Segment Start: Data to process

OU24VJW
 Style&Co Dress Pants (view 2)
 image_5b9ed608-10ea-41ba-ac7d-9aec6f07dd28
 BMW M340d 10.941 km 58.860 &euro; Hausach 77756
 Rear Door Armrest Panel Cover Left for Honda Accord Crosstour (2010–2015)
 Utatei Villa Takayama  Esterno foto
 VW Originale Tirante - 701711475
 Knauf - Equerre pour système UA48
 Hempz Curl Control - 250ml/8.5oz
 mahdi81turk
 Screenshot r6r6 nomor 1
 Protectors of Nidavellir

Segment End: Data to process

- **Task details**: Repeat the lines above, from the one containing "image_5b9ed608-10ea-41ba-ac7d-9aec6f07dd28" to the final line, word for word and with nothing else.

- **Written answer**:
 image_5b9ed608-10ea-41ba-ac7d-9aec6f07dd28
 BMW M340d 10.941 km 58.860 &euro; Hausach 77756
 Rear Door Armrest Panel Cover Left for Honda Accord Crosstour (2010–2015)
 Utatei Villa Takayama  Esterno foto
 VW Originale Tirante - 701711475
 Knauf - Equerre pour système UA48
 Hempz Curl Control - 250ml/8.5oz
 mahdi81turk
 Screenshot r6r6 nomor 1
 Protectors of Nidavellir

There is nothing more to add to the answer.